En juin 2016, Sabine, coordinatrice voyages dans la société Rigmora depuis 2012, est victime d’un burn-out. Elle est hospitalisée. C’est d’ailleurs à l’hôpital qu’elle a appris son licenciement.


"Je n’en pouvais plus, raconte-t-elle à l’audience. J’avais demandé l’aide d’une personne en plus mais on m’a répondu que ça coûterait trop cher. Je touchais 4 500 € par mois mais, en réalité, c’était 10 € de l’heure. Ce qui m’a tuée, c’est qu’on me donne à gérer, en plus des voyages des employés de la société et de la famille, ceux de l’AS Monaco, des joueurs et du staff. Je n’ai pas pu dire non. C’était l’année où l’ASM est remontée en Ligue 1. Je devais aussi m’occuper des déplacements en Champions League."


"Lorsque j’étais en arrêt maladie, je ne répondais plus au téléphone. C’est pour ça qu’ils m’ont licenciée. Je sais comment ils agissent, de quoi ils sont capables. Quand vous n’êtes plus disponibles 24 heures sur 24 et 7 jours sur 7, rien ne va plus. Soit j’arrêtais, soit je creusais ma tombe. Si le médecin ne m’avait pas arrêtée, je ne serais pas là devant vous…"

La balle est maintenant dans
le camp du tribunal
du travail

Le différend entre Sabine et la société Rigmora Holdings Limited n’est pas clos avec la décision de relaxe qui a été prononcée hier soir par le tribunal correctionnel. Une autre juridiction monégasque est dans l’attente de ce jugement pour se prononcer à son tour.

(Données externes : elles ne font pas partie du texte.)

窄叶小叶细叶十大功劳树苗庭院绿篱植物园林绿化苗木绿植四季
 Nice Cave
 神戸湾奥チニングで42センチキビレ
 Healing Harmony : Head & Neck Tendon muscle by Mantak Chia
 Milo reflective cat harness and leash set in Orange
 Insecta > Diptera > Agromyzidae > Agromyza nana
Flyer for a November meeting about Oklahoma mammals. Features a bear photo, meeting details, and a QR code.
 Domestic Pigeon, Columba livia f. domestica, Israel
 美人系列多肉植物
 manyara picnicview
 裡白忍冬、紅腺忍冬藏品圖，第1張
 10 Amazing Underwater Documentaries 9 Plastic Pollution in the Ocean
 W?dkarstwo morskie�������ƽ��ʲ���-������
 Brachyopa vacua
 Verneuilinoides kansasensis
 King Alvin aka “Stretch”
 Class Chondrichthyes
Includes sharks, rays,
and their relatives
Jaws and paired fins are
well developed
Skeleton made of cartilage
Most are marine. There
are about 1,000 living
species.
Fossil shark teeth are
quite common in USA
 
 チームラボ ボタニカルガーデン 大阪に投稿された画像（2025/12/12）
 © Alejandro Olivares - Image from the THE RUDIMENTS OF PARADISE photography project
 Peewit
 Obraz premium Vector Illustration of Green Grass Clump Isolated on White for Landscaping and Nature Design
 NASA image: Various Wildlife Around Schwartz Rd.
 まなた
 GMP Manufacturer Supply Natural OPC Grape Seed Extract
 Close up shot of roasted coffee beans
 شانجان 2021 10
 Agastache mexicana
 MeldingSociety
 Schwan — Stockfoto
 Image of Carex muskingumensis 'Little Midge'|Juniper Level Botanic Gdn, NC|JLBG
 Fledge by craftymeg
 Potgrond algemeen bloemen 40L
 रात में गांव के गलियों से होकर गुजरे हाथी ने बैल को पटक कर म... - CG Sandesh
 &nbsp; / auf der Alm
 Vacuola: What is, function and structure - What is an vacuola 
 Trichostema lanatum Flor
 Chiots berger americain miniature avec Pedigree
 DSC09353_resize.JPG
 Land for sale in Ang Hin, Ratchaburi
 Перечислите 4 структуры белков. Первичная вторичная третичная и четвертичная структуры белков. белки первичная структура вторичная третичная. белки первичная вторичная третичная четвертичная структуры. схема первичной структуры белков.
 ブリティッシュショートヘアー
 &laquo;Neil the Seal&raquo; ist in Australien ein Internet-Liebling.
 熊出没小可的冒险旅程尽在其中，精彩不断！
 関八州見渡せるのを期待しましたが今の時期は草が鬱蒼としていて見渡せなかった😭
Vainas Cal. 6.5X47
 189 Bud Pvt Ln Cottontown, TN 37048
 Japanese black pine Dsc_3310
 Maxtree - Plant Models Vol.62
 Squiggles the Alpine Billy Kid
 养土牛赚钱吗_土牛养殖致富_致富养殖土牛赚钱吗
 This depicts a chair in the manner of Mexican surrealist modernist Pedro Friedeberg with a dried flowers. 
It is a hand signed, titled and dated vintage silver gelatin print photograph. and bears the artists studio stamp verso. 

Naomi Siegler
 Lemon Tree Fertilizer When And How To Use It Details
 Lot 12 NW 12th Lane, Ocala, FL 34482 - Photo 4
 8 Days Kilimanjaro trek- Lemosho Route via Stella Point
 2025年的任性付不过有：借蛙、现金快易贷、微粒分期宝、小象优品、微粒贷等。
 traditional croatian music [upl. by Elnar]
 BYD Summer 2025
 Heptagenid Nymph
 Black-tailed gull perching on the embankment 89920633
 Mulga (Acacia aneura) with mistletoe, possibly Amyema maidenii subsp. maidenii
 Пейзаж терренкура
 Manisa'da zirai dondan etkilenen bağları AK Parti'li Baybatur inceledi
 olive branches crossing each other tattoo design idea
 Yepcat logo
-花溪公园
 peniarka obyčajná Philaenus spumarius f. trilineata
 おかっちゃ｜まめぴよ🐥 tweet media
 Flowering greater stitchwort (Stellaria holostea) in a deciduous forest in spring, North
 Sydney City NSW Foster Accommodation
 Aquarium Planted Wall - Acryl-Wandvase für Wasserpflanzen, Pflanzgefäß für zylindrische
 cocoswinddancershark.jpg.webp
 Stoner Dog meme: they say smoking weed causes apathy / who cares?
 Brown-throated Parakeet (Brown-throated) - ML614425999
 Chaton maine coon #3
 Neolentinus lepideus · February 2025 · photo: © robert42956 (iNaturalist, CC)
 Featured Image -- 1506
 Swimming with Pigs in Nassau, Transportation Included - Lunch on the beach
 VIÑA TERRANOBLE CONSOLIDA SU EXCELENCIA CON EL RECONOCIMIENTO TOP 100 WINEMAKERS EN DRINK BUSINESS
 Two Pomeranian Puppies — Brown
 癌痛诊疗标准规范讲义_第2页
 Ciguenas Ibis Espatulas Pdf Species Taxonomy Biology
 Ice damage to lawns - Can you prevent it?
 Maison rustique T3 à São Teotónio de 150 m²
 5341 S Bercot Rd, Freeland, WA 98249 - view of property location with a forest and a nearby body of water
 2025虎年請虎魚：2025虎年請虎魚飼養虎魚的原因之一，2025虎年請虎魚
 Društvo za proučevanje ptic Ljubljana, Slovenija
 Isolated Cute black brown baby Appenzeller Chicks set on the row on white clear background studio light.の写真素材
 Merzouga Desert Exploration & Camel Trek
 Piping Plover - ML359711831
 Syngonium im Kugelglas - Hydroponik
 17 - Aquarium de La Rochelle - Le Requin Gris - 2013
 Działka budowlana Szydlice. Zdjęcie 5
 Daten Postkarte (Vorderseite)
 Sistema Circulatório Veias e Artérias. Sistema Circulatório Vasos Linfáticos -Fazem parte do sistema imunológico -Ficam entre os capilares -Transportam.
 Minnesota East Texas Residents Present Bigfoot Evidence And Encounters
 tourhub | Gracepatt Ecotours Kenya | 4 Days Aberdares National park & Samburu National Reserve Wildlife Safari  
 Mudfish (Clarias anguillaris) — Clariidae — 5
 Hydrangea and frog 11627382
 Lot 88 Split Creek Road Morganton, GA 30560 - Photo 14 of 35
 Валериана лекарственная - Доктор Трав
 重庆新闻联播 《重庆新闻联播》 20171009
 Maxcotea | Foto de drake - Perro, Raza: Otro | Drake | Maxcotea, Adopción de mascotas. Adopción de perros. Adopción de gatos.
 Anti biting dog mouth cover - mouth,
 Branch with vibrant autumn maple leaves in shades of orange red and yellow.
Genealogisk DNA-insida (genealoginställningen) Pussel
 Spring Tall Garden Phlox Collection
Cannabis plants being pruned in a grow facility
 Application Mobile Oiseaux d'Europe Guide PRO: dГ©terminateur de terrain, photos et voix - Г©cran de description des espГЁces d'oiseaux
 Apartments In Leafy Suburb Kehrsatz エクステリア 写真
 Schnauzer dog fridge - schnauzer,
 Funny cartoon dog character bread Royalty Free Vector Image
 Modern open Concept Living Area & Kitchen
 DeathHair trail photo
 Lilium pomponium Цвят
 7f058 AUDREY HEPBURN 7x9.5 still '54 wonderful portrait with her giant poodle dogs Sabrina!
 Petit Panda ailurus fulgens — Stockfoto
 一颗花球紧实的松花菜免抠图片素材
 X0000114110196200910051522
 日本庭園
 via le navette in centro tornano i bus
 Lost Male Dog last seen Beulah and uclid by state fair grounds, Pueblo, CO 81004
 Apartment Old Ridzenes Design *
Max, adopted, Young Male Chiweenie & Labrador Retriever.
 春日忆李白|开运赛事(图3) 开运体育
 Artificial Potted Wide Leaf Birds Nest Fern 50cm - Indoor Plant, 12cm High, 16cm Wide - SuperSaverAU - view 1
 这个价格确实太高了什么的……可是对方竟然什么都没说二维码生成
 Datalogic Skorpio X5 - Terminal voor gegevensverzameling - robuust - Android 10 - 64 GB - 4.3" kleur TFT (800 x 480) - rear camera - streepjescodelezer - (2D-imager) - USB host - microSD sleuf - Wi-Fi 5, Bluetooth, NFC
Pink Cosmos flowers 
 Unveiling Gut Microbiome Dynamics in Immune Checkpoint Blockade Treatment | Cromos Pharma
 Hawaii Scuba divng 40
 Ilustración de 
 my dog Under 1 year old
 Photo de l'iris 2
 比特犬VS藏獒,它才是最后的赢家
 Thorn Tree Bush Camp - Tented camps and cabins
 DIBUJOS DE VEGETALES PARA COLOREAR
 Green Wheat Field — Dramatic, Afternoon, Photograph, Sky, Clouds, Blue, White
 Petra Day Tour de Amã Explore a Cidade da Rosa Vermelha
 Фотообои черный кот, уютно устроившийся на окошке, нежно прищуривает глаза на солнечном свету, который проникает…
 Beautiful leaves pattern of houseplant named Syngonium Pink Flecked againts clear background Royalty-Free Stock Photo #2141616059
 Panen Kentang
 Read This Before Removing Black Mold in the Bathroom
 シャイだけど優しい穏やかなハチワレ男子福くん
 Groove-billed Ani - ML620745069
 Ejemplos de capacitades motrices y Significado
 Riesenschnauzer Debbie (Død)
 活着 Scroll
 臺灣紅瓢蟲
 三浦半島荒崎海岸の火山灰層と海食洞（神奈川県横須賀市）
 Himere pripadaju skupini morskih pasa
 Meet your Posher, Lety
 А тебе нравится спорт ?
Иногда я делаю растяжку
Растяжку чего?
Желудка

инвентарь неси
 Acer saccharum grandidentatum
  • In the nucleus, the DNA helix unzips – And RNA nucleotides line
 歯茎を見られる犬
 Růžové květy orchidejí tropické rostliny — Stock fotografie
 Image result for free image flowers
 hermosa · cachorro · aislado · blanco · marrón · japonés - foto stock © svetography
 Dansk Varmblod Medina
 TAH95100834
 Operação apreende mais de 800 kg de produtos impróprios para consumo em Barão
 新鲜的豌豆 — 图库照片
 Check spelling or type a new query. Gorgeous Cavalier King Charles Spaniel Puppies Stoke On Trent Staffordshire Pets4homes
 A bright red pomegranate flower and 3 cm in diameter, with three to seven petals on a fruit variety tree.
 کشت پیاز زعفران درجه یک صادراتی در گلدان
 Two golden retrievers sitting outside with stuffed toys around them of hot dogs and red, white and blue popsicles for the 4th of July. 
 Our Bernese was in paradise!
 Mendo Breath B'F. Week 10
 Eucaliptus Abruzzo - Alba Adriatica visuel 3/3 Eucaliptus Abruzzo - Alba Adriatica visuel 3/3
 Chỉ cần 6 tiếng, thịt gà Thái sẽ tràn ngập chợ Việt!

La chargée de voyages, en effet, a saisi le tribunal du travail de Monaco pour réclamer l’équivalent de 6 000 heures supplémentaires qu’elle estime non payées. Soit la coquette somme de 377 000 €.


"Je devais être joignable 24 heures sur 24, 7 jours sur 7", assure l’ex-coordinatrice voyages de cette société détenue par Dmitri Rybolovlev. Les enquêteurs, dans l’ordinateur de Sabine, auront retrouvé "plus de 350 000 mails professionnels, ce qui représente environ 350 par jour", relate le président Florestan Bellizona.


Cet investissement au travail, d’après l’ex-salariée, n’aura pas été vain : "Quand je suis arrivée dans cette société, ils travaillaient avec deux agences de voyages et ça leur coûtait 2,5 millions d’euros par an. J’ai fait baisser cette dépense pour la ramener à 1,5 million. Je suis droite dans mes baskets."
Maintenant que le tribunal correctionnel s’est prononcé, la juridiction du travail a le champ libre.